Especially when working with communities that have experienced:
migration trauma,
generational poverty,
systemic exclusion,
instability,
discrimination,
or survival-based adaptation.
Sometimes what looks like disengagement is actually exhaustion.
Sometimes what looks like passivity is fear.
Sometimes what looks like resistance is lack of safety.
Sometimes what looks like “not speaking up” is years of conditioning around not wanting to lose connection, housing, opportunity, approval, or belonging.
This is one of the reasons why my work integrates somatic intelligence and Nonviolent Communication (NVC).
Not as abstract concepts.
As practical tools for leadership, communication, emotional awareness, and community engagement.
Through the Somatic Intelligence Framework™, I’ve come to understand that many of the behaviors we judge externally are often protective adaptations internally.

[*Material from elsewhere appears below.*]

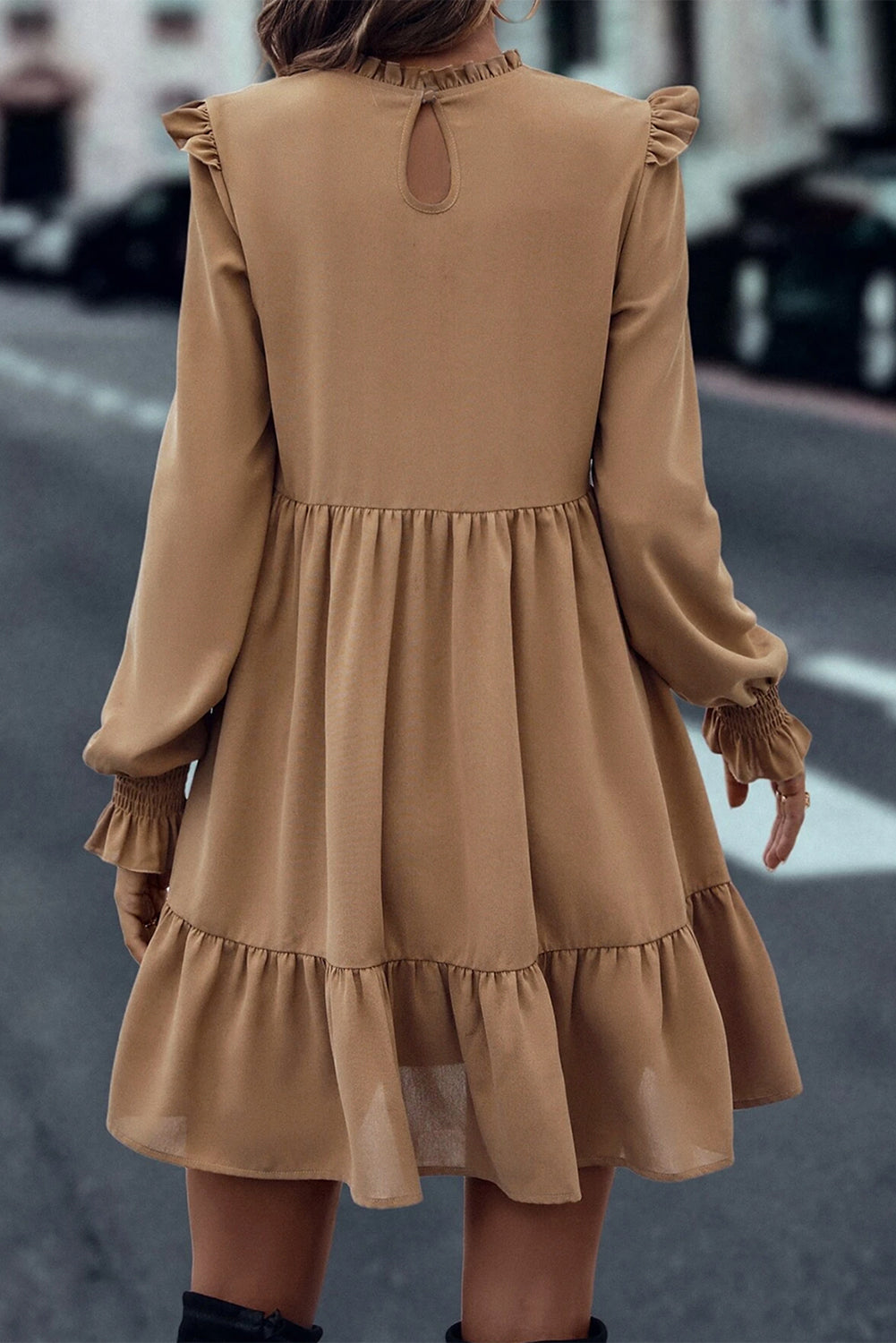 Ruffld Long Sleeve Tiered Dress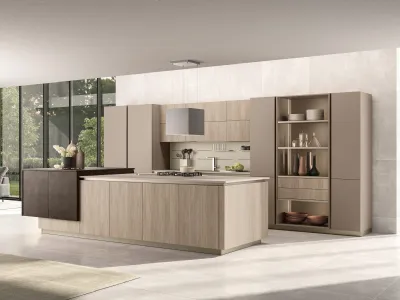 Cucina rovere chiaro moderna lineare Isla Colombini casa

The Somatic Intelligence Framework™ I use in my work follows four stages inspired by nature:
Earth — pause and observe what is actually happening.

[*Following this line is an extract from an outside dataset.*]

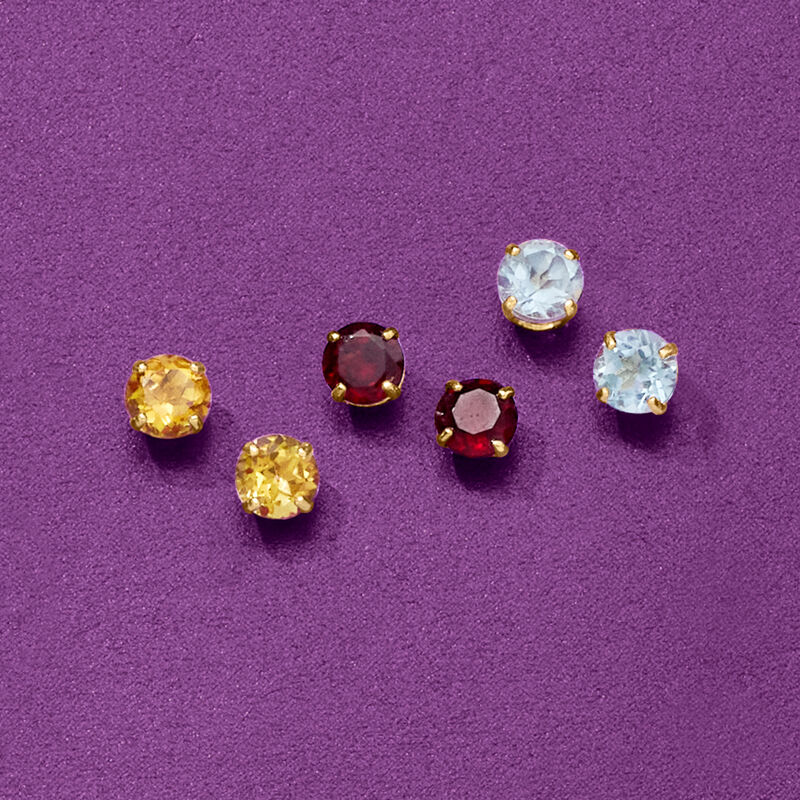 Child's .60 ct. t.w. Birthstone Stud Earrings in 14kt Yellow Gold image number 2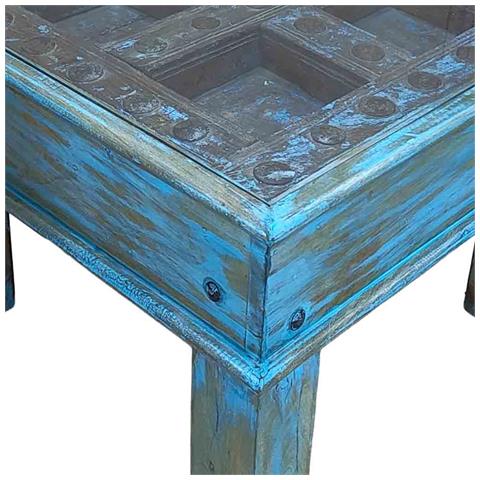 Tavolino Da Caffè In Legno Fatto A Mano 57x57x45h Cm - Foto 6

Wind — build internal capacity through breath and awareness.
Water— identify the feelings and unmet needs underneath behaviors and reactions.
Fire — take aligned action rooted in what people genuinely need.
What I appreciate about this framework is that it shifts the focus from assumptions to observation.
Instead of deciding what communities need from the outside, we begin by listening.
Instead of designing programs only around institutional agendas, timelines, and metrics, we ask:
What are people actually carrying right now?
What support would allow them not only to access opportunities, but to feel safe enough internally to fully participate in them?
Because inclusion is not only structural.
It is emotional.
Relational.
Physiological.
A first-generation professional may receive the promotion and still feel terrified of speaking in meetings.
An immigrant woman may appear highly capable publicly while privately over-accommodating in relationships because somewhere deep inside, her nervous system still associates belonging with adaptation.
And this is where I believe community engagement needs to evolve.
Not toward pity.
Not toward saviorism.
Not toward treating communities as broken.
But toward understanding the intelligence behind survival adaptations while helping people slowly build internal safety, agency, voice, and belonging.
Because many immigrants do not only need opportunities.
They need spaces where they no longer feel they must shrink to deserve them.
And maybe this is also why something as simple as a hat can hold meaning.
I’ve been wearing my traditional Peruvian hat for quite some time while walking through New York City.
But only recently did I become more conscious of what it represent for me emotionally and symbolically.
At first glance, it may seem like a small aesthetic choice.
But for me, it has become something much deeper.
A quiet act of embodying belonging.
A hat naturally asks you to lift your head.
To keep your chest open.
To occupy vertical space.
The opposite of shrinking.
At the same time, I carry with me the artistry, labor, wisdom, and ancestral knowledge of Peruvian artisans into the spaces I now walk through.
A reminder that migration is not only about leaving something behind.
Sometimes it is also about learning how to bring our roots with us without shrinking them.
For me, this journey has not been about becoming louder.
It has been about becoming more honest.
Learning that I can love deeply without abandoning myself inside relationships.
Learning that belonging does not require self-erasure.
Learning that leadership is not only about having a voice in public spaces, but also about remaining connected to ourselves in intimate ones.
And maybe this is where real community engagement begins too.
Not only by asking communities to participate.
But by creating spaces where people slowly feel safe enough to stop shrinking inside them.